Data Mining and Machine Learning II: Big Data and Unstructured Data (ODL) STATS5081

  • Academic Session: 2019-20
  • School: School of Mathematics and Statistics
  • Credits: 10
  • Level: Level 5 (SCQF level 11)
  • Typically Offered: Summer
  • Available to Visiting Students: No
  • Available to Erasmus Students: No
  • Taught Wholly by Distance Learning: Yes

Short Description

This course introduces data mining and machine learning methods used in big data scenarios and also introduces methods for analysing networks and unstructured data.

Timetable

The course mostly consists of asynchronous teaching material.

Requirements of Entry

The course is only available to online-distance learning students on the PGCert/PGDip/MSc in Data Analytics and Data Analytics for Government.

Excluded Courses

Big Data Analytics

Big Data Analytics (Level M)

Co-requisites

-/-

Assessment

100% Continuous Assessment

This will typically be made up of a project (40%), two oral assessments (40%) and one homework exercise / online quiz (20%). Full details are provided in the programme handbook.

Course Aims

The aims of this course are:

■ to introduce students to Gaussian processes;

■ to introduce the students to big data methods commonly applied in Machine Learning, notably regularised regression;

■ to illustrate the role of sparsity when analysing high-dimensional data;

■ to introduce students to graphical models and how they can be used for structural inference in high-dimensional data;

■ to introduce students to informal and formal methods for social network analysis and quantitative text analysis.
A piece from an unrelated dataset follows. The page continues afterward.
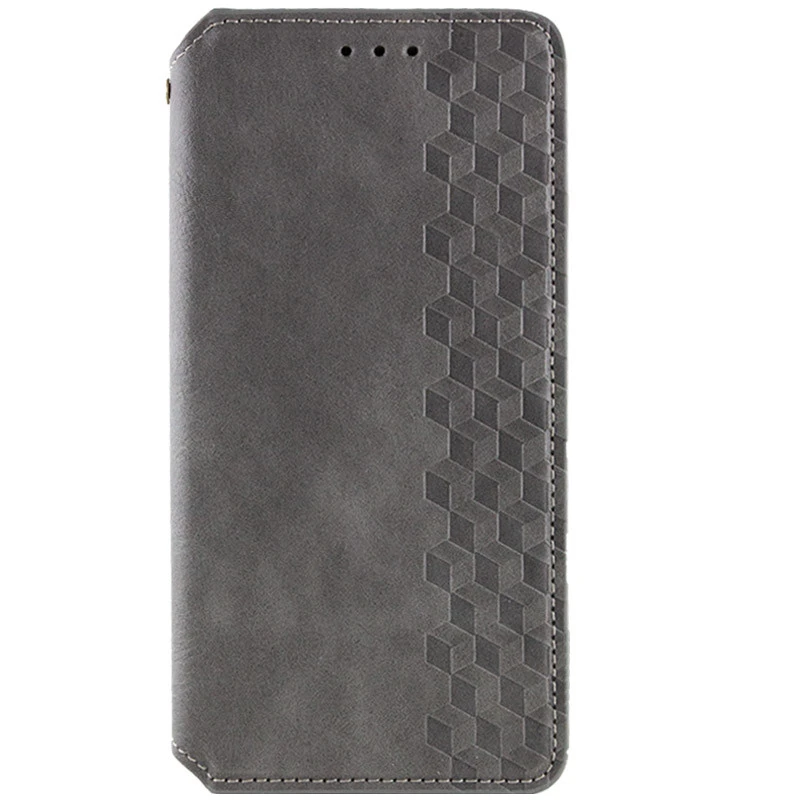 Кожаный чехол-книжка GETMAN Cubic (PU) для Samsung Galaxy A06, Серый, Искусственная кожа, купить оптом с доставкой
Intended Learning Outcomes of Course

By the end of this course students will be able to:

■ fit Gaussian process models;

■ describe the challenges of the analysis of high-dimensional data and discuss, in a particular context, strategies for tackling big data problems;

■ formulate and fit a regularised linear model, such as ridge regression, the LASSO and partial least-squares;

■ infer statements about (conditional) independence from graphical models and factorisations of the joint distribution;

■ describe methods for structural inference in graphical models and apply them in a given context;

■ make appropriate use of informal and formal methods for social network analysis and quantitative text analysis.

Minimum Requirement for Award of Credits

Students must submit at least 75% by weight of the components (including examinations) of the course's summative assessment.